Acompanha a história um texto delicioso do cineasta, repleto de criatividade e totalmente despretensioso, mais sua propensão em dar ritmo ao filme através de uma montagem ágil e vigorosa. Interessante como o filme, em suas citações pops, faz referência aos próprios filmes do movimento, como Atirem no Pianista (segundo longa de Truffaut) e mesmo Acossado (filme anterior e estreia de Godard).

Com bom-humor, Godard realiza uma comédia romântica das mais inusitadas, cheia de frescor. E Anna Karina é um doce em cena. Apenas uma mulher, enfim.

5 comentários:

Kamila disse...

Conheço pouquíssimo da obra de Godard. Você é um privilegiado por ter conseguido assistir a alguns filmes dele.

Diego Rodrigues disse...

Dos três, só assisti ao Demônio de Onze Horas que é ótimo, sem dúvidas. Prefiro ainda Acossado, pra mim a melhor obra dele e uma das grandes obras-prims do cinema.

Rafael Carvalho disse...

É Kamila, é meio difícil achar os filmes do cara, fiquei muito feliz pelo Seminário (o primeiro de que participo) estar homenagenado logo ele, de quem eu tinha visto pouquíssimas coisas. E tudo em película, ainda por cima. Foi uma grande oportunidade mesmo.

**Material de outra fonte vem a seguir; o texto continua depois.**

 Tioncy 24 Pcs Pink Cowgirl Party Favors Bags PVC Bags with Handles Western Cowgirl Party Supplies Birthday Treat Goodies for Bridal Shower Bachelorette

Diego, acho Acossado sensacional, e tem até uma importância muito maior como deflagrador da Nouvelle Vague e desconstrutor da narrativa clássica, mas hoje o Godard de meu coração é justamente O Demônio das Onze Horas, filme sensacional, uma aventura de anarquia e liberdade de deixar qualquer um maravilhado.

Gustavo H.R. disse...

Tendo visto DEMÔNIO há pouco, e não o entendido muito bem, pelo seu texto posso começar a enxergar os porquês dele ser um clássico tão reverenciado. Estou gatinhando em temros de Godard, preciso ver ACOSSADO também!

Rafael Carvalho disse...

Gustavo, nem tudo em Godard é para ser entendido no sentido de encontrar explicação para cada detalhe da história. Muita coisa está relacionada com o fluxo narrativo que ele vai criando, aliado a essa liberdade inventiva. O melhor do filme é essa possibilidade de brincar com as estrtuturas de narração. E veja Acossado mesmo, um dos grandes do diretor e um ótimo começo.